I was reading page 30 of Royden and Fitzpatrick" real analysis ", fourth edition and the book said: " it is not possible to construct a set function that is defined for all sets of real numbers with the following 3 properties:
1- The measure of an interval is its length.
2- The measure is translation invariant.
3- The measure is countable additive over countable dis-joint unions of sets." and then the book said as a justification for this that we should look at page 48. here is a part of pg. 48:
After that, on the remaining part of the page, the book started to prove thm. 17.
My question is:
What is on pg. 48 say that it is not possible to construct a set function that is defined for all sets of real numbers with the previous 3 properties? could anyone explain this to me, please?
Suppose we have such a function $f$. Now let's use some choice set $\mathcal{C} = \mathcal{C}_E$, where we took $E=[0,1]$.
First, $\{\lambda + \mathcal{C}\}_{\lambda\in \mathbb{Q},\, 0\leq \lambda \leq 1}$ is countable and disjoint, so by property 3 we have
$$ f\left(\bigcup_{\lambda\in\mathbb{Q}, \, 0\leq \lambda \leq 1} (\lambda + \mathcal{C}) \right) = \sum_{\lambda \in \mathbb{Q},\,0\leq \lambda \leq 1} f(\lambda + \mathcal{C}). $$
Since each point $x\in \mathopen[0,1\mathclose]$ is rationally equivalent to a point $c\in \mathcal{C}$, we have $[0,1] \subset \bigcup_{\lambda\in\mathbb{Q},\, 0\leq \lambda \leq 1} (\lambda + \mathcal{C}) \subset [0,2]$. But $f$ is nondecreasing, so our left hand side lies between $1$ and $2$ by property 1.

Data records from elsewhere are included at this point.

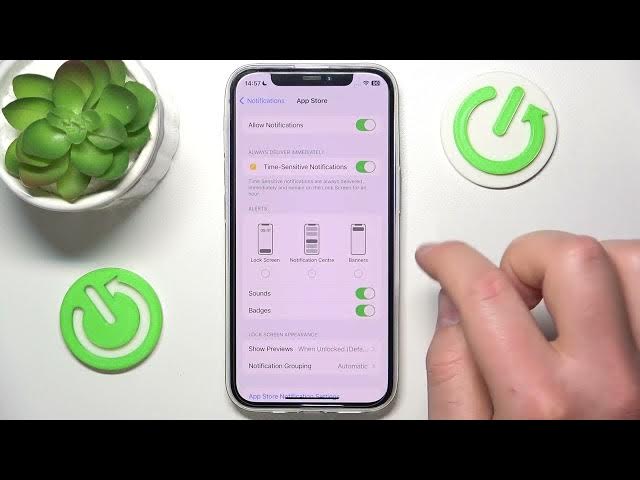 Video thumbnail for How to Change Notification Style on Specific Apps on iPhone?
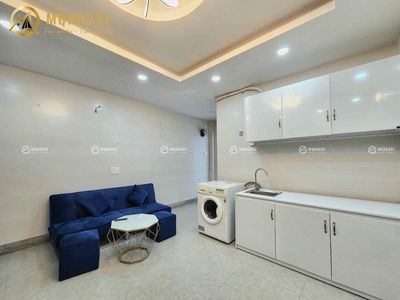 apartment 2 bedroom 1 room full interior - elevator - window - kill college & vhu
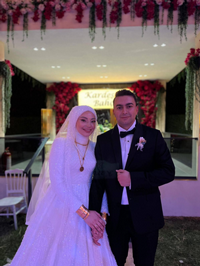 Ankara'dan Taraklı'ya Gelin Geldi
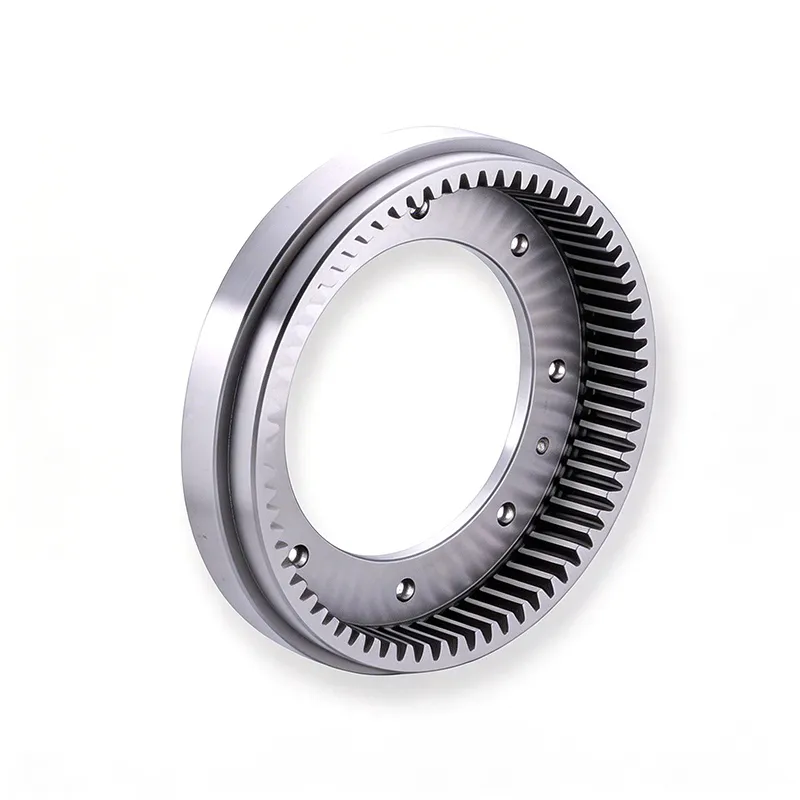 Features of Internal Gear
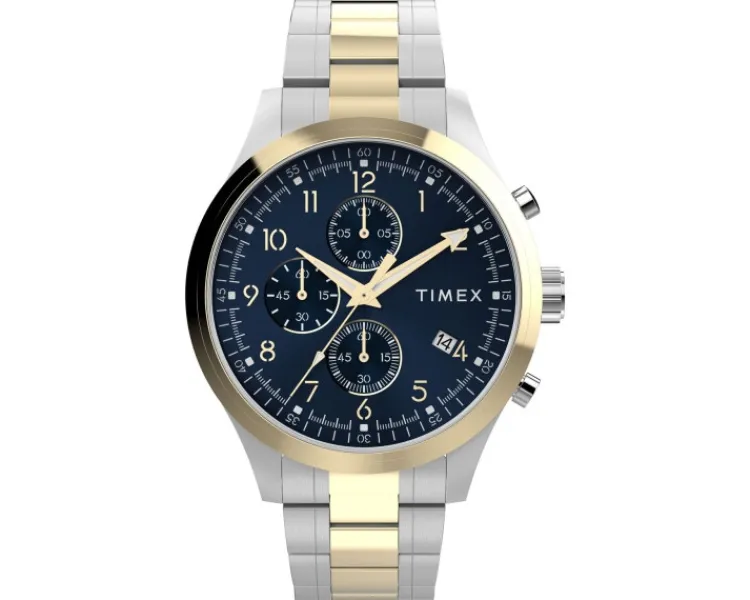 Hot Timex Men's Dress Chronograph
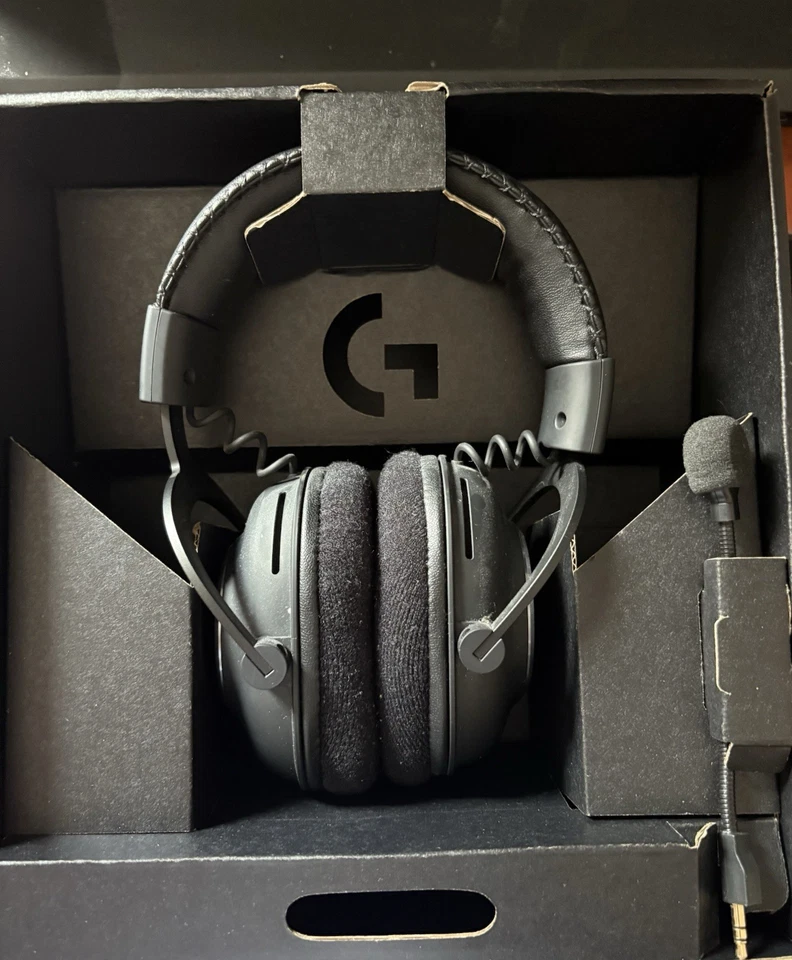 cuffie logitech - Immagine 3 di 3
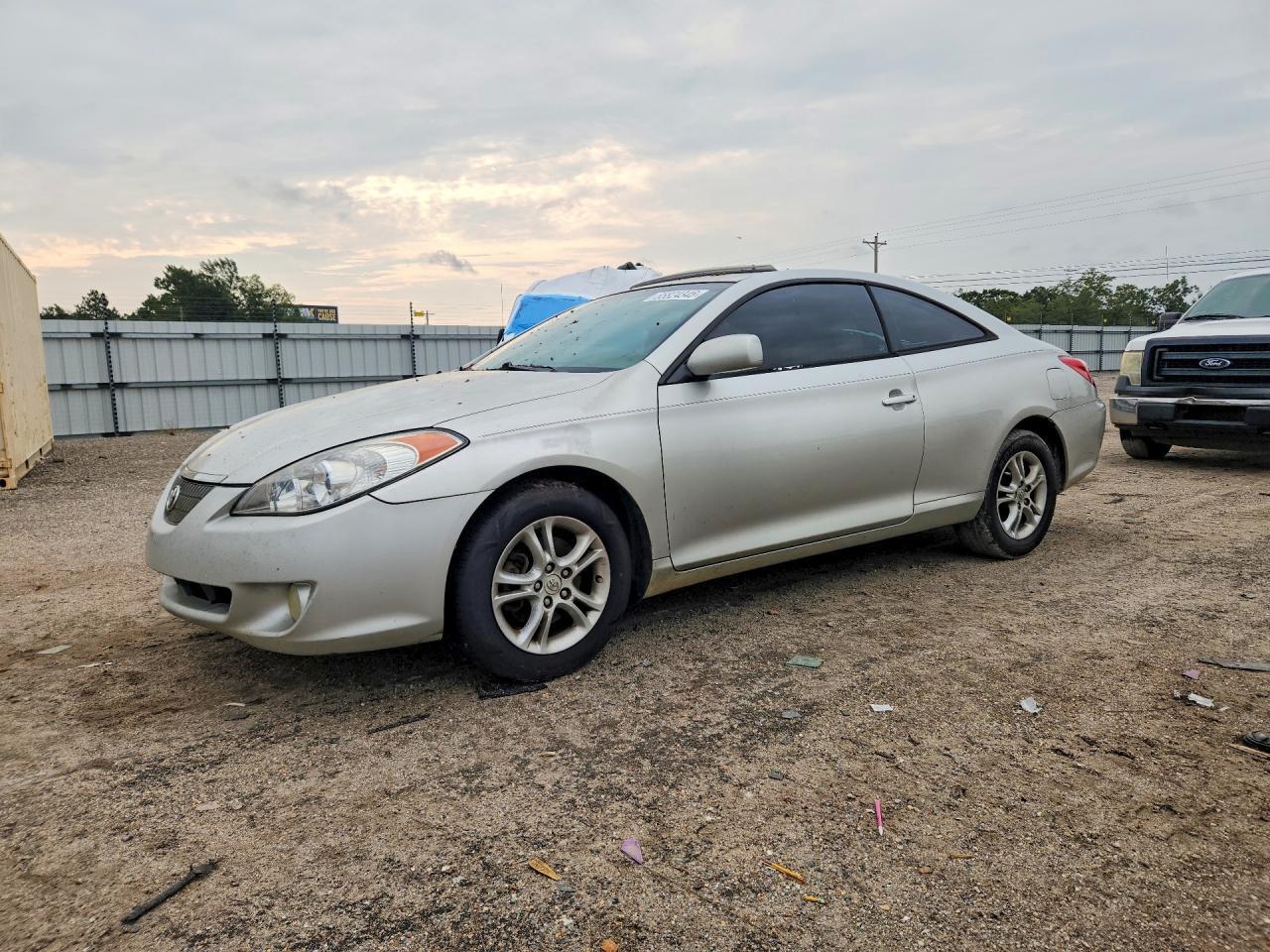 2006 TOYOTA CAMRY SOLARA 4T1CE38P26U634571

Now for the right hand side : by property 2, each $f(\lambda + \mathcal{C})$ is equal to $f(\mathcal{C})$. We have a countable sum of the same real number. Either $f(\mathcal{C})=0$, and then the RHS is zero ; or $f(\mathcal{C})>0$, which implies that the RHS is $+\infty$. Both cases lead to a contradiction.